In short, all the changes are for the better. On a sad note the original author Thomas Stanley was killed by a drunk driver before this book was finished, and his daughter Sarah Stanley Fallaw finished it. I think "finished" is a misleading term here. I would say she wrote this book and referred to notes from her father. All of this is to the better.
The first part of the book is where she really shines. A clear, concise, and organized layout of the major themes in the book. When I read the original I couldn't put my finger on the issue with the first 50 pages and all I could think was how boring it was. After reading this, the issue was crystal clear. The original came across as a mess of ideas just thrown about.
From the section "Portrait of a Millionaire" where she condenses his list from 22 to 16 items it shows some good editing with each of her items being more clear and distinct. Unfortunately, here is also where the first of many issues start to creep in. Since I have both I can compare them side by side and there are some oddities. Why doesn't the new version give the percentage of spouses that both work? What happened to homeowners, Private Education, or percentage of people that own stock?
Or more importantly, why is there no mention of how things have changed in the last 20 years since the publication of the original? This omission is hard to understand. The very people interested in a book like this, are the kind of people that would be interested in how things have changed over time.
As then after the first third or so, the book goes off the rails into pure Libertarian preachiness.

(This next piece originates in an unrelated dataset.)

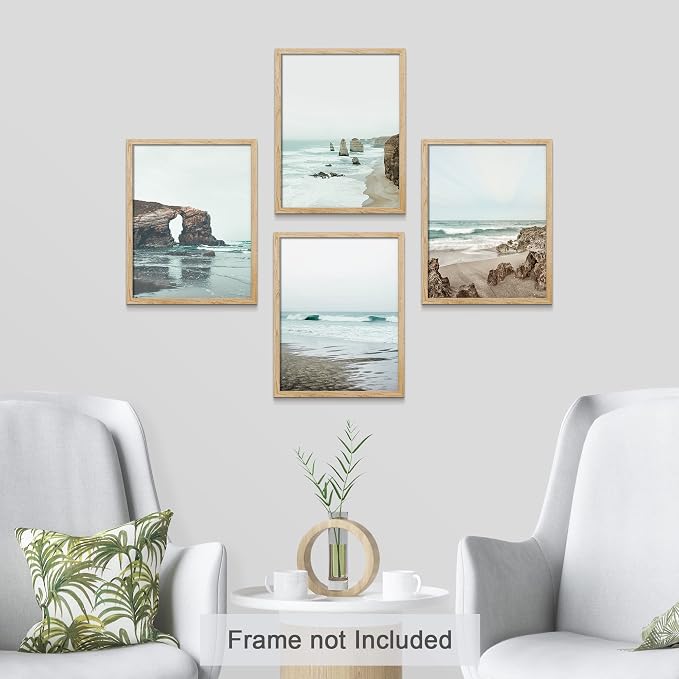 SIGNWIN Poster Bathroom Decor, Wall Art Room Decor Multicolor for Living Room, Bedroom, Office Rocky Storm Cloud Sky Beach Ocean Landscape Nature Wilderness Landscape Colorful Rustic - 12"x16"x4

It's not that I disagree with the Libertarian ideas, it's just that now I know enough to see dirty dishes in the corner. All of her "traits of the wealthy" are put into a very "hard work good, if you work hard you will be wealthy" spin. Again and again, cause and effect are conflated with causality.
At one point I think she is going to rise above and starts a paragraph about education with something like "Higher education does not mean you will get ahead, it just gives you a seat at the table to try". But then immediate falls back to the mantra that hard work and dedication is what it takes to get ahead and luck has nothing to do with it.
This eventually reaches its fever dream apex with "How do I categorize millionaires who inherited all or most of their wealth? I do not consider them to be fortunate. Actually, I think of them as being deprived. They were deprived of the great pride and satisfaction derived from building one’s own fortune."
Who would I recommend this to? If you are a large fan of the original, this update fixes lots of issues and is more concise and orgainzed. For everyone else, just move along.